Nevertheless, Taylor has important insights that are relevant today. In his model, success depends on close and intimate cooperation between a manager and his laborers. As he pointed out:
- The manager’s job is to observe, analyze and codify the optimum steps needed for task completion.
- Managers must teach, help and guide workers in effective methods.
- And managers must plan the work in advance, ensuring that each worker is best matched to a particular job according to his or her capabilities.
This ultimate “cooperation between management and workers” results in attaining the basic goal of management: “maximum prosperity for the employer and the employee.”
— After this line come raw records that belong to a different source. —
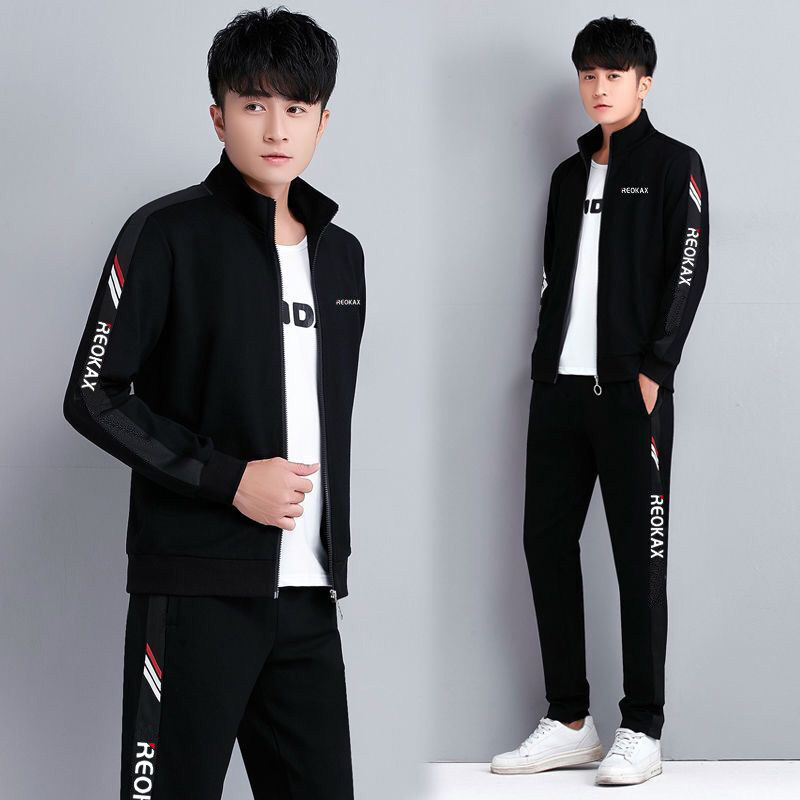 薄款2026年春秋男士运动服跑步休闲跑步三件套中年大码帅气套装潮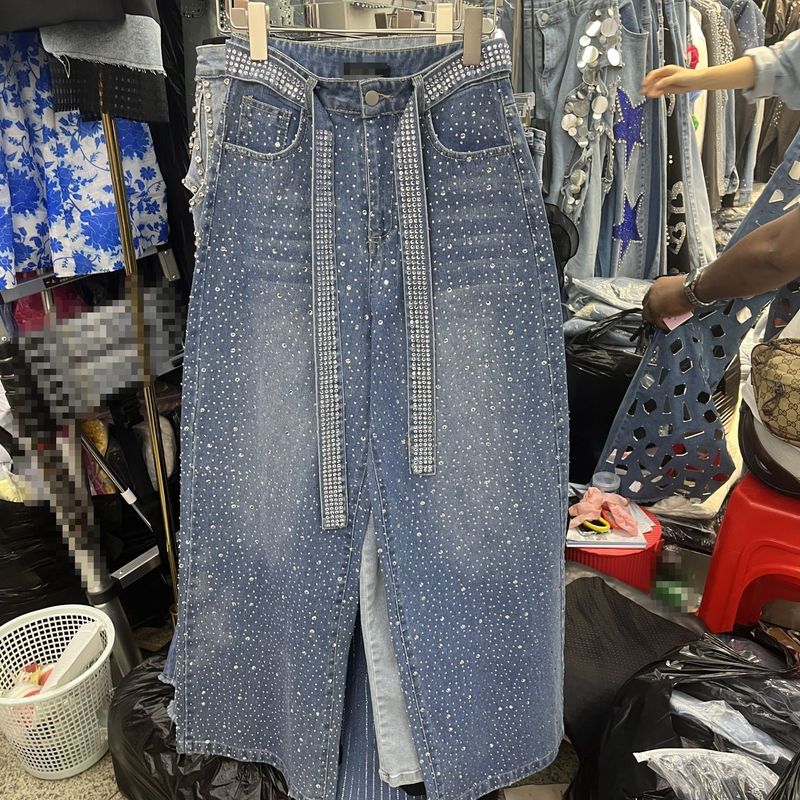 Jeans a gamba larga dritti lucidi di alta qualità, eleganti e di temperamento retrò da donna_voghion.com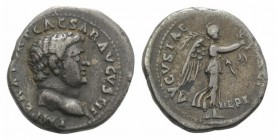 Titus (Caesar, 69-79). AR Denarius (16mm, 3.22g, 6h). Ephesus, AD 71. Bare head r. R/ Victory advancing r., holding palm frond and wreath. RIC II 1441...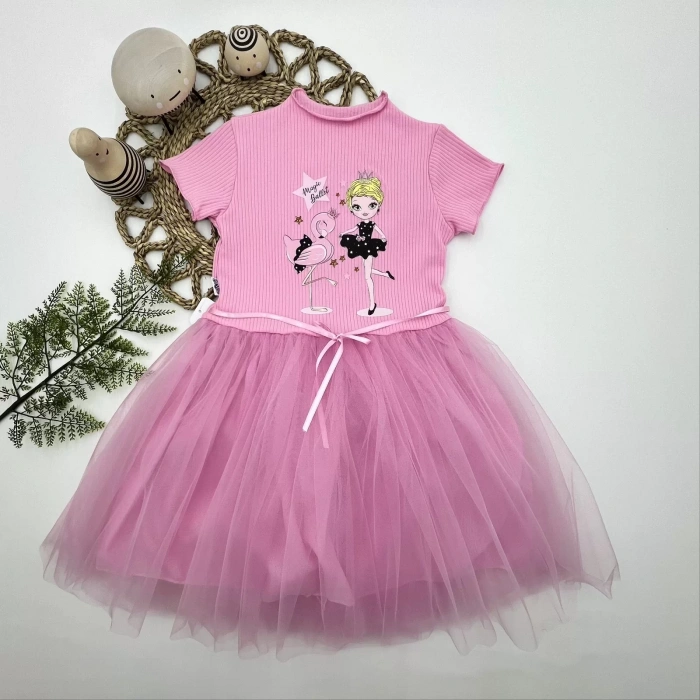 Eterelle 5-6-7 Yaş Flamingo Balerin Kız Baskılı Kurdela Kuşaklı Astarlı Kız Çocuk Tütü Elbise Pembe
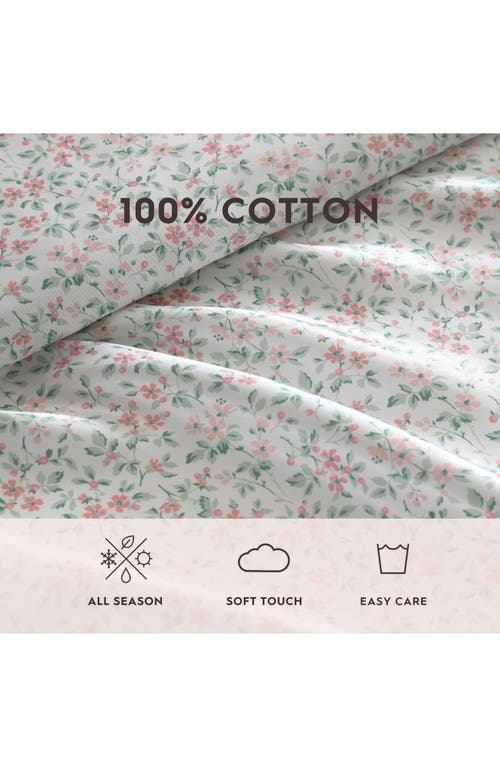 Laura Ashley Tierney Floral 200 Thread Count Satin Sheet Set In Multi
Taylor also speaks to today’s management issues in that he includes studies on what motivates workers. He tested the incentive practices of his day by simply offering wage raises as a means to increase efficiency. During these experiments he discovered that increasing wages does not produce a permanent increase in output if the underlying processes are not also analyzed and improved. Nearly 100 years later, studies have confirmed that compensation increases, when not married with other incentives, fail to motivate employees beyond a limited timespan.
The bottom line: By recognizing the manager and laborer as partners in the business enterprise, Taylor established the foundation for participatory management — an approach that would not be fully developed for nearly 50 more years. His relevance for us may be less in his time and motion studies than in his revolutionary break from the adversarial, dictatorial management of his times, in favor of individualized performance coaching. (In one rather touching example, he noted that alcoholism would be reduced in the workforce because men couldn’t work at optimum performance if drunk!)
Although it is not his main message, Taylor’s sub-theme that every worker needs to be measured and matched to the best work for him or her is clearly still relevant — and important for leaders to apply in today’s organizations.